I hope there’s a special place in hell for the guy who, right as the Zoom meeting leader was wrapping up, self-indulgently pontificated for five minutes and extended the meeting thus forcing me to involuntarily test the microphone “mute” feature with an epic string of expletives.
Girlfriend scrolled my search history, has LOTS of questions about the Lindbergh kidnapping. That makes two of us.
Some of you are acting like you got off a flight from Australia instead of losing one hour.
What’s a retweet called now?
I vote Xerox.
Thanks, meeting venue that turns off the AC in the restrooms–I love emerging from taking a dump looking like I just ran a marathon!

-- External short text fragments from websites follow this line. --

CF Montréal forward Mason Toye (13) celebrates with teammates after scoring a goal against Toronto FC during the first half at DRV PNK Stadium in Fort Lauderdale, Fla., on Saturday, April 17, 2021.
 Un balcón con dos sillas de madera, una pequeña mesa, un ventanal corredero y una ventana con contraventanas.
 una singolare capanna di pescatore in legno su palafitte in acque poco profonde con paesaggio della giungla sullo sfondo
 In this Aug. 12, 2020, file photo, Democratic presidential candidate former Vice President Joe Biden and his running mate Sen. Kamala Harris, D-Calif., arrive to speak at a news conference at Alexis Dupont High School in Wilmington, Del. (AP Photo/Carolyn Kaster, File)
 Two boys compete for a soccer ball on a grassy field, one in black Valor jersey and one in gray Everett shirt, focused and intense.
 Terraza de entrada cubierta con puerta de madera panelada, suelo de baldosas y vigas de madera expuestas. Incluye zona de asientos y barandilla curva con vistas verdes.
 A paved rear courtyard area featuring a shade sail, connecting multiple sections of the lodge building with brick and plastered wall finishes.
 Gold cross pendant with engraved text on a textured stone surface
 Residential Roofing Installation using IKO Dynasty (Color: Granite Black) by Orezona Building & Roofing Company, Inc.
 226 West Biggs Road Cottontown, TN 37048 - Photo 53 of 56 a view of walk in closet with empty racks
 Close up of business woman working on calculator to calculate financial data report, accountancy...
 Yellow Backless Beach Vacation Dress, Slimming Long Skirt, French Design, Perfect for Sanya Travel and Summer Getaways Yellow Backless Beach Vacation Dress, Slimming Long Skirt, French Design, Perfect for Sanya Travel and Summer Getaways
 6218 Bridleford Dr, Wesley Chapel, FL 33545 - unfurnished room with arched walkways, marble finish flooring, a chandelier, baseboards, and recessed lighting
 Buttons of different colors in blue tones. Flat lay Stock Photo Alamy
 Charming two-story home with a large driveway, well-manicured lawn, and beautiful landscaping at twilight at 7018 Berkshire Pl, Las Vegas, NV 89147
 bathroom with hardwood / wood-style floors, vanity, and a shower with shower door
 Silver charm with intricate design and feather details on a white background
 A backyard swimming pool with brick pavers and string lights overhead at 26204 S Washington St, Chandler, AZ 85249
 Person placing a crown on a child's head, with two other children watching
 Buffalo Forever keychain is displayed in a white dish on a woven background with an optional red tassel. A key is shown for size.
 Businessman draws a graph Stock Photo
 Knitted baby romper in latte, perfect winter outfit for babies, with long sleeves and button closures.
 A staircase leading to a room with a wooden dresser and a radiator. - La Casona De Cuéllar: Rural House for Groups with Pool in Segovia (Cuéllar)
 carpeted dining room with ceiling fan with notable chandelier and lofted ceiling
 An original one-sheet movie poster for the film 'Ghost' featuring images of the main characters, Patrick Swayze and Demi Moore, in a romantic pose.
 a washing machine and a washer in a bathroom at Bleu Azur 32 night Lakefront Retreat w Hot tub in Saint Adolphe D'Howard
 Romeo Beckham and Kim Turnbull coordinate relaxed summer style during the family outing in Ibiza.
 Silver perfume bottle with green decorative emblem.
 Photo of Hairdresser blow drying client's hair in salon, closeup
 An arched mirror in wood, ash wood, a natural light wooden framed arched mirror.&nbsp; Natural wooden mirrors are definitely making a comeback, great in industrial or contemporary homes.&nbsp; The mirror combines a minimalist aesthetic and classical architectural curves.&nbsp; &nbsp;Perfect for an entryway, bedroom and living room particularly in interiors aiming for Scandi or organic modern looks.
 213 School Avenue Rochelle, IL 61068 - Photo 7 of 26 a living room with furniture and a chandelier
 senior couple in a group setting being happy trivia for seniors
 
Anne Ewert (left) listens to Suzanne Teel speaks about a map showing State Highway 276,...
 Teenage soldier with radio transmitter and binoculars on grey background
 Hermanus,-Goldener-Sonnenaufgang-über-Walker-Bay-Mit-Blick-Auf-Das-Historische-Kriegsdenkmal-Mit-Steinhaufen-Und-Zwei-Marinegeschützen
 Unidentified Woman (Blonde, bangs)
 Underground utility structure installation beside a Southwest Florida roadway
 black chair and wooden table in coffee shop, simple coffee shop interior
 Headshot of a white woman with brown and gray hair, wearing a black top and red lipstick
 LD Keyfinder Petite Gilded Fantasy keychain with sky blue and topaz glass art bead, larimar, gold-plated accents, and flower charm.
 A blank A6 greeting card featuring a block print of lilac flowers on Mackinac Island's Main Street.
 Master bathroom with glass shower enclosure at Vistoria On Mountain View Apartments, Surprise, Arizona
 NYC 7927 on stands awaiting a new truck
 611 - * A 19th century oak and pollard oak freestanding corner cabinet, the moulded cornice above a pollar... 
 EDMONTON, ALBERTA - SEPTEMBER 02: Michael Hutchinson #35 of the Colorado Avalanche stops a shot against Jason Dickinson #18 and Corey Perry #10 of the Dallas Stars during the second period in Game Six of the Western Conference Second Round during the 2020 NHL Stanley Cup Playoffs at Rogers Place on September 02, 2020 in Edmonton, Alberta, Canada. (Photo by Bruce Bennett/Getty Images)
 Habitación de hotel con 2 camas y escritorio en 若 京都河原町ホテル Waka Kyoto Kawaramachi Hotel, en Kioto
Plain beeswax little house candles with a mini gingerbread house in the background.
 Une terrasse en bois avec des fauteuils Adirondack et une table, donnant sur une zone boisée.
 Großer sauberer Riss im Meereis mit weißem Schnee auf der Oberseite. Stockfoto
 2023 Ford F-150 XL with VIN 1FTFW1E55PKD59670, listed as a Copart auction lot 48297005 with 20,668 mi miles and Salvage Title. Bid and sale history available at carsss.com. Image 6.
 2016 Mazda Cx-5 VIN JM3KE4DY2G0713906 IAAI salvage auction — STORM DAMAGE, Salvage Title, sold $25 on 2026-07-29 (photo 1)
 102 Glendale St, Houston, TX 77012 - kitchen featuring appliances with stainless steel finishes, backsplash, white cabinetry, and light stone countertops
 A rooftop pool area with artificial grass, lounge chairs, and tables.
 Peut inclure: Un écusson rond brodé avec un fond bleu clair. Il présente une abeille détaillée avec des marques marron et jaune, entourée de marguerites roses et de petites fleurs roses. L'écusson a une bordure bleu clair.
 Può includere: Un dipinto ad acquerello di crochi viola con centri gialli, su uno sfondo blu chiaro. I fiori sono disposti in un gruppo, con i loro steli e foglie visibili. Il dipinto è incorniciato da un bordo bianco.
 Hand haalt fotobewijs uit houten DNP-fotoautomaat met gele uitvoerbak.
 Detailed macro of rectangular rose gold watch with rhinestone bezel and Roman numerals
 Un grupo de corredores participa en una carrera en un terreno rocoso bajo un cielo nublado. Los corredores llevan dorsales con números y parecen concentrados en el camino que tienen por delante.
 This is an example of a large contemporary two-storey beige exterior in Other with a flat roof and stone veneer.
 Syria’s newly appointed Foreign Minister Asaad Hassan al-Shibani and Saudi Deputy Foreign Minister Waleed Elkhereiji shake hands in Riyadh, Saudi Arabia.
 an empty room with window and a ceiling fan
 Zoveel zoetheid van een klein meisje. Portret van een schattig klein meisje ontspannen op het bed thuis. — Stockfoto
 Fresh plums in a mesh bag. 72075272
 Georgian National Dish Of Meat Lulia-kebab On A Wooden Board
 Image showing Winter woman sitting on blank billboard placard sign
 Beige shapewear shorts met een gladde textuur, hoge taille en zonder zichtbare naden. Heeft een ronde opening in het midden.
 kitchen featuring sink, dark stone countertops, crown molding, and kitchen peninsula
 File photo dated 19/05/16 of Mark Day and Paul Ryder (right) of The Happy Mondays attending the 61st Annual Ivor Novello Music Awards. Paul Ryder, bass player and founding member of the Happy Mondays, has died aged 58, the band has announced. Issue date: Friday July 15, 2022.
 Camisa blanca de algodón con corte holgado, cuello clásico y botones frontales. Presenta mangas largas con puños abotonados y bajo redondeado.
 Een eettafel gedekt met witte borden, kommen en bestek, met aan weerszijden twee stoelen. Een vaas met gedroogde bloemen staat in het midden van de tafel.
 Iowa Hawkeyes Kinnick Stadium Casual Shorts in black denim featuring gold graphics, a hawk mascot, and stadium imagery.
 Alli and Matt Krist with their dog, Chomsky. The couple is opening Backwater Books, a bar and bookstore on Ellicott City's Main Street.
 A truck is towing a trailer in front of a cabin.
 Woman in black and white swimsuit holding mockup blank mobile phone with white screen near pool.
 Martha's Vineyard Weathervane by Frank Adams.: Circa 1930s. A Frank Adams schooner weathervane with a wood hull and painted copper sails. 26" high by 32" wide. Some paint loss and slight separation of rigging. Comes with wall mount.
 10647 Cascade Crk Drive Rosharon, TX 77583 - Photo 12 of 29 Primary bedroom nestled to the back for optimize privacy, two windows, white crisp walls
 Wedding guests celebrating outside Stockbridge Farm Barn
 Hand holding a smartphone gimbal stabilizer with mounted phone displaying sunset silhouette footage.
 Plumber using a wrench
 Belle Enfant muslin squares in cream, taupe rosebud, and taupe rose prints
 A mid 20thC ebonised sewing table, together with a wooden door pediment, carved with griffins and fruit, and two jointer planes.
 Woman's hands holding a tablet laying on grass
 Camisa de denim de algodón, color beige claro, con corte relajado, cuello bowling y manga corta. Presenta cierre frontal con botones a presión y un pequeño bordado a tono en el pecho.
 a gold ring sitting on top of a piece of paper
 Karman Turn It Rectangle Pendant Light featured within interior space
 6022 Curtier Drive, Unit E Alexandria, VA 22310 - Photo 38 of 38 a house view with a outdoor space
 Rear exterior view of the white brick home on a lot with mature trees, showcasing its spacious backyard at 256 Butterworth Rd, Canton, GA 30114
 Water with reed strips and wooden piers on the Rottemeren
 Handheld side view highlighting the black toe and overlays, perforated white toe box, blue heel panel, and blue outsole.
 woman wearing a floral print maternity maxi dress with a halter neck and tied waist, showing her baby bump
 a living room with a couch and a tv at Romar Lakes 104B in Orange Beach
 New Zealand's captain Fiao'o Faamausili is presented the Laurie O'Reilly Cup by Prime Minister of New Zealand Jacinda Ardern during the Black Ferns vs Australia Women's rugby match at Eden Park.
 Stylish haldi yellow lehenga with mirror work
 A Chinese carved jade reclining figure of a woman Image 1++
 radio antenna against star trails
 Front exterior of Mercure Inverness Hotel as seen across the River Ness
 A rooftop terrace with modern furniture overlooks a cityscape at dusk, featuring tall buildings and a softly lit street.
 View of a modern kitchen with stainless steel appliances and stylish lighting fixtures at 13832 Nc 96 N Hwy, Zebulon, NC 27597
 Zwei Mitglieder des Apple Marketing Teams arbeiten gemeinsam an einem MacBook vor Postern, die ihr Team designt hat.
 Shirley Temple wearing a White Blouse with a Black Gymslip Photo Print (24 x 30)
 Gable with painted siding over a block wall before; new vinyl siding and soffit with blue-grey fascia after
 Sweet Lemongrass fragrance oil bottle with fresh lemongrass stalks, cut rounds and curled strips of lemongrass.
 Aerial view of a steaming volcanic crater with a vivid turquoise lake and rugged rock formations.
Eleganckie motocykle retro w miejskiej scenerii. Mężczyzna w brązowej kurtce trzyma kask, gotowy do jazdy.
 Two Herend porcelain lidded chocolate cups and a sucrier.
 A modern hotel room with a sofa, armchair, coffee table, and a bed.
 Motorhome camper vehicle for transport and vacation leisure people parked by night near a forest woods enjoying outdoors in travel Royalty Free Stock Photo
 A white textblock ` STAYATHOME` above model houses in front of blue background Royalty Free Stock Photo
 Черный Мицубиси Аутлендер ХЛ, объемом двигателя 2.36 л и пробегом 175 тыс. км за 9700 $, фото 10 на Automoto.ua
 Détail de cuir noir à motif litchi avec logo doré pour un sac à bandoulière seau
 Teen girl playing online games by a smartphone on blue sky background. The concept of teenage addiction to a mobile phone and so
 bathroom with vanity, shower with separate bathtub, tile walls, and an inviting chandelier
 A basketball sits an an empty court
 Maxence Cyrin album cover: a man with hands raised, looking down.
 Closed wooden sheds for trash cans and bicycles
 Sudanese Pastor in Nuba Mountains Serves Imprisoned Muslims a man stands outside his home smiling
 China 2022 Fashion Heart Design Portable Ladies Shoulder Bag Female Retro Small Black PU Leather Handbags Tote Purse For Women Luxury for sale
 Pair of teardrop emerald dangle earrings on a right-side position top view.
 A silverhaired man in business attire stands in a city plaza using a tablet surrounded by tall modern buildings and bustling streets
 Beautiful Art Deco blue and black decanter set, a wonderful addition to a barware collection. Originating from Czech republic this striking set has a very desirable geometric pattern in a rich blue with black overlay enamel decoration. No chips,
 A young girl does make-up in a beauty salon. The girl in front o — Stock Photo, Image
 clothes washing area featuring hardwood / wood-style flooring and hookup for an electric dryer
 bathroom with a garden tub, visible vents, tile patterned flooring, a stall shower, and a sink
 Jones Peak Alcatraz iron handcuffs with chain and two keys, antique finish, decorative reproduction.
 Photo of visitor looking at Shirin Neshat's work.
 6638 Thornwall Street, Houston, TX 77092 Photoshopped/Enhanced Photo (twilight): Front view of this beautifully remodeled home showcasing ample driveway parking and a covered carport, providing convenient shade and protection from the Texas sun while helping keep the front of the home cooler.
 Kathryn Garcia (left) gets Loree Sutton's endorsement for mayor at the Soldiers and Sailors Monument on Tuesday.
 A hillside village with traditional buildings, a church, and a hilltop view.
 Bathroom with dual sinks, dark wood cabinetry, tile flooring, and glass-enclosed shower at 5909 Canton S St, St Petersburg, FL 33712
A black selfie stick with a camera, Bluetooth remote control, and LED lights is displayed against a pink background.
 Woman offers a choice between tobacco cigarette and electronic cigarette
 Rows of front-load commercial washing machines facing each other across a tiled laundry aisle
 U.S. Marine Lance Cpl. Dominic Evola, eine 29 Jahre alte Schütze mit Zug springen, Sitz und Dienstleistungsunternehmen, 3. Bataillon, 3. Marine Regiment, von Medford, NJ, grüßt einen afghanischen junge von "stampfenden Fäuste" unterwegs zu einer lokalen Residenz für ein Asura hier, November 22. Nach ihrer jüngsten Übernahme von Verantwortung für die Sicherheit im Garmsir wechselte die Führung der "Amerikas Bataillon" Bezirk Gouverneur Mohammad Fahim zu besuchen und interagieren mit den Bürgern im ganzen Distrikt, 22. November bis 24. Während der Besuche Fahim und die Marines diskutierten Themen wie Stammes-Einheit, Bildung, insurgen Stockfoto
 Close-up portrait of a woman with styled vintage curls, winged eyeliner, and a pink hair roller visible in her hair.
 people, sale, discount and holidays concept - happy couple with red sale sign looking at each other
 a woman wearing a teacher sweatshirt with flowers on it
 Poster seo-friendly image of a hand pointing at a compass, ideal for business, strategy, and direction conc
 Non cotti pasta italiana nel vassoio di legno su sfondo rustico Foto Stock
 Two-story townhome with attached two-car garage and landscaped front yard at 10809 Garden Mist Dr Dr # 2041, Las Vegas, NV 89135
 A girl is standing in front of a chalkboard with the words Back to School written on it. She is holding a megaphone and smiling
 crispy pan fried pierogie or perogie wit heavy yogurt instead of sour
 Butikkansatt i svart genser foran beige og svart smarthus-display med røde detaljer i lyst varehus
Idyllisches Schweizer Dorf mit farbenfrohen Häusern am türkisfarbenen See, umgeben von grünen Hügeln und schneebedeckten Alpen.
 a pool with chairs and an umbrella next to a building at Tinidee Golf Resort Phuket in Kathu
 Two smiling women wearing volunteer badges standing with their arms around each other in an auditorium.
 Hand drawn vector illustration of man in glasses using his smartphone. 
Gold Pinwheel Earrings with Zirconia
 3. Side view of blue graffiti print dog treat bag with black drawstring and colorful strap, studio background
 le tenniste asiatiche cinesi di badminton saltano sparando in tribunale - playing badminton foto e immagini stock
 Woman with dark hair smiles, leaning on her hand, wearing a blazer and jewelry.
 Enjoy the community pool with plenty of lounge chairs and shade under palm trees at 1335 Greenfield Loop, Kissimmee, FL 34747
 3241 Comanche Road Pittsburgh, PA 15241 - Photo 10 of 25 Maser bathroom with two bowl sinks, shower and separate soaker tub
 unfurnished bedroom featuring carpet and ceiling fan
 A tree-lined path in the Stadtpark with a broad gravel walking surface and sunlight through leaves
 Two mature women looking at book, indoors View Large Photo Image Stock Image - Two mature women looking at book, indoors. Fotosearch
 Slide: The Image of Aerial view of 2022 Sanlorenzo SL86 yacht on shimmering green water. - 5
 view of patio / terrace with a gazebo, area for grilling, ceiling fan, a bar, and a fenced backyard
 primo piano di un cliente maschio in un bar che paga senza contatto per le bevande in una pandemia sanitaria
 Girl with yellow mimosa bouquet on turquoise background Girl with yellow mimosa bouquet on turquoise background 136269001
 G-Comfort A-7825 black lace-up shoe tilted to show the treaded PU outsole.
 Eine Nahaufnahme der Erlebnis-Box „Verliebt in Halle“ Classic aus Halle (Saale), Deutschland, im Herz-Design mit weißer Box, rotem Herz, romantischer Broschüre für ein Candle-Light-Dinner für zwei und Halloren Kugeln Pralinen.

My son has been away all week on a school trip. I asked my daughter: ‘do you miss your brother?’
She looked at me puzzled and said ‘isn’t he in his room?’ALL week.
Him: You’ll always be the one that got away. Me: Escaped. Him: What? Me: I said Thanks.
Quarantine Day 26
Puts pictures of mom all around the house and runs with scissors laughing maniacally
[Scene: Cloud City. Two men fight each other with lightsabers]
Mario: You-a kill my father!
Wario: No. I am-a your father.
Mario: Mama-mia!
me: omg you’re dying
my phone: wtf the charger is just across the room
me: [crying] I wish I could help
I’m such a sucker for floral print tops and dresses. Am I a middle-aged woman or a tea cup? No one knows.
When I eat nachos, I like leave one last chip alive so he can tell the story.
Robin Thicke can’t even name a second Robin Thicke song
ME: how can i prepare for my date
FRIEND: get her some flowers. roses, orchids
ME: definitely roses, we’re not ready for kids yet
Oh, you lost your phone and it’s on silent? That’s too bad. If you liked it then you should’ve put a ring on it.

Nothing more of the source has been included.